↓

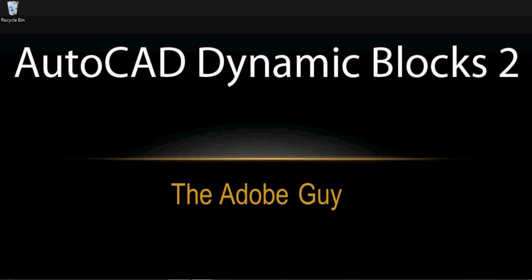Hi, I'm the Adobe Guy again, and I'm going to be talking about dynamic blocks again this time. I'm going to look at a different attribute this time, it's how to flip the block.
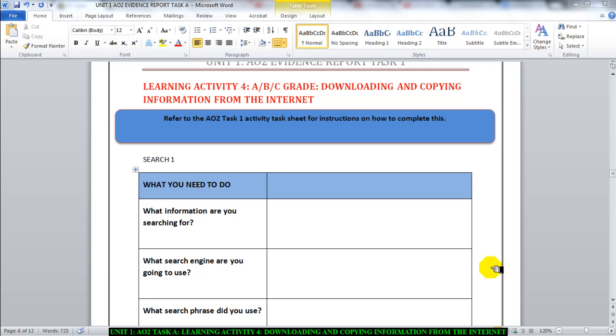Hello there ladies and gentlemen. This video is about a learning activity for downloading and copying information from the internet.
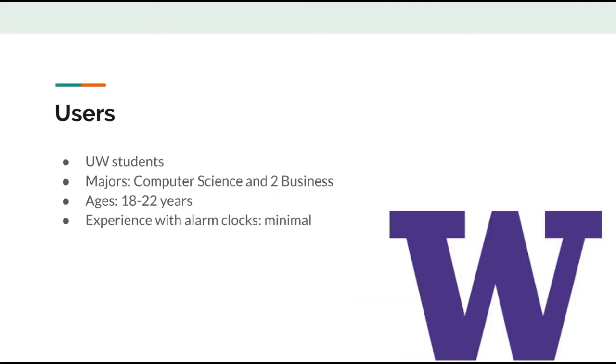Tested users are all UW students between the ages of 18 and 22, studying either business or computer science. We chose these testers due to their lack of experience with this type of alarm clock, providing us with the opportunity to see how a new user would interact with our product, for they mainly use their phones as their alarm clocks.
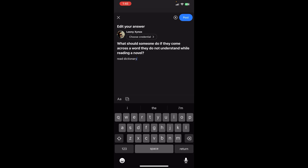Now in here you can edit your answer. Finally, click on Post and your answer will be edited successfully. This is basically how you can edit an answer in the Quora app.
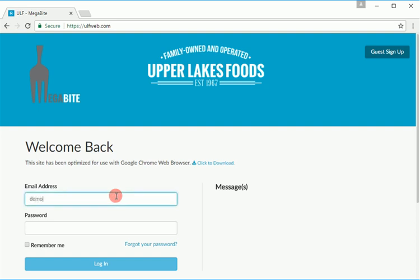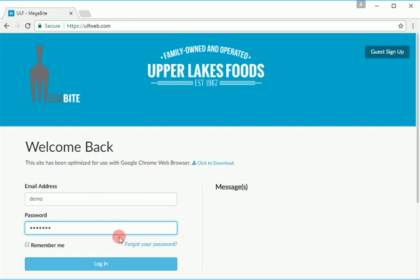To log in, enter your email address and password that was provided to you, and click the Login button.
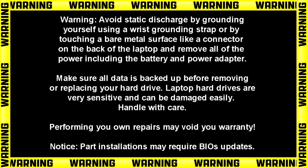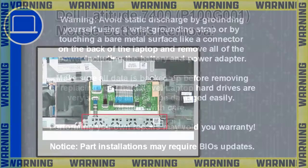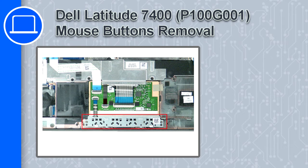Hey what's up, this is Ricardo and in this video I'll show you how to remove the mouse buttons on a Dell Latitude 7400.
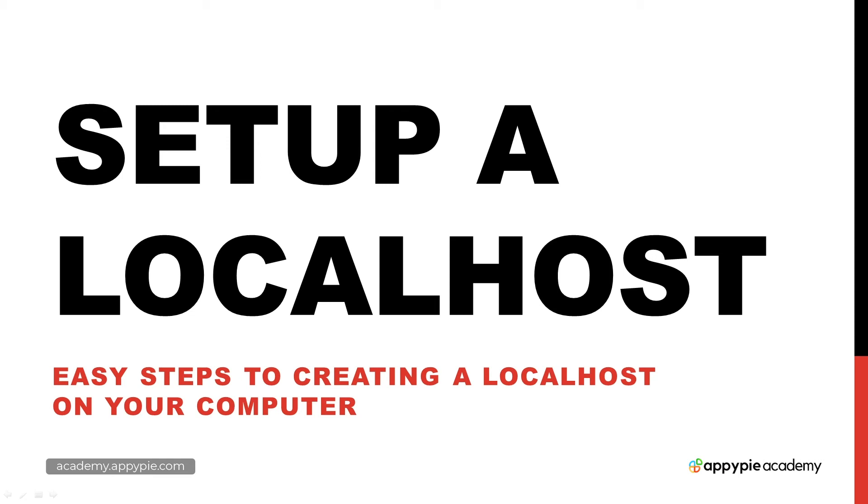In this lesson we're going to be discussing what a localhost is and how it's going to benefit you. This course is all about setting up a localhost and how to create your web development environment easily on your own computer.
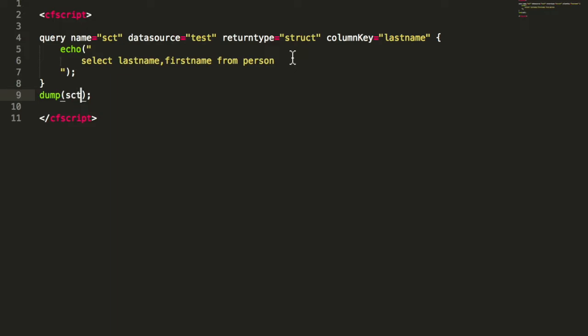What you also can do instead of array is struct. When you define struct, the result is stored in a struct. In that case, you have to define what the key of the struct should be. So which column is then the key of the struct.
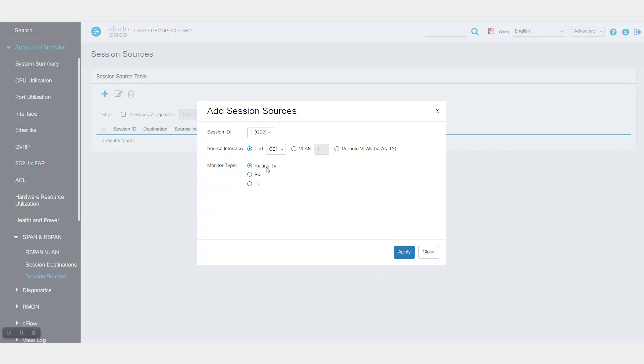The first option is for both incoming and outgoing traffic from port 1. The second option is for only incoming traffic on port 1. The last option is for outgoing traffic from port 1.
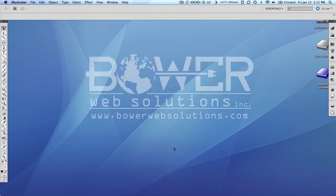Hi everybody, Omar Kozarski, Creative Director of Bower Web Solutions. You can visit us online at www.bowerwebsolutions.com.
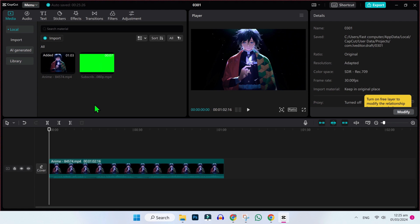So here, we are in CapCut. Now you can see we have two videos, our main video and our green screen video that has subscribe button.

↑

Repeat verbatim the lines from the one holding "Hi everybody, Omar" through the end of the listing above, both ends included, but not the pictures.

→ EXPECTED OUTPUT
Hi everybody, Omar Kozarski, Creative Director of Bower Web Solutions. You can visit us online at www.bowerwebsolutions.com.
So here, we are in CapCut. Now you can see we have two videos, our main video and our green screen video that has subscribe button.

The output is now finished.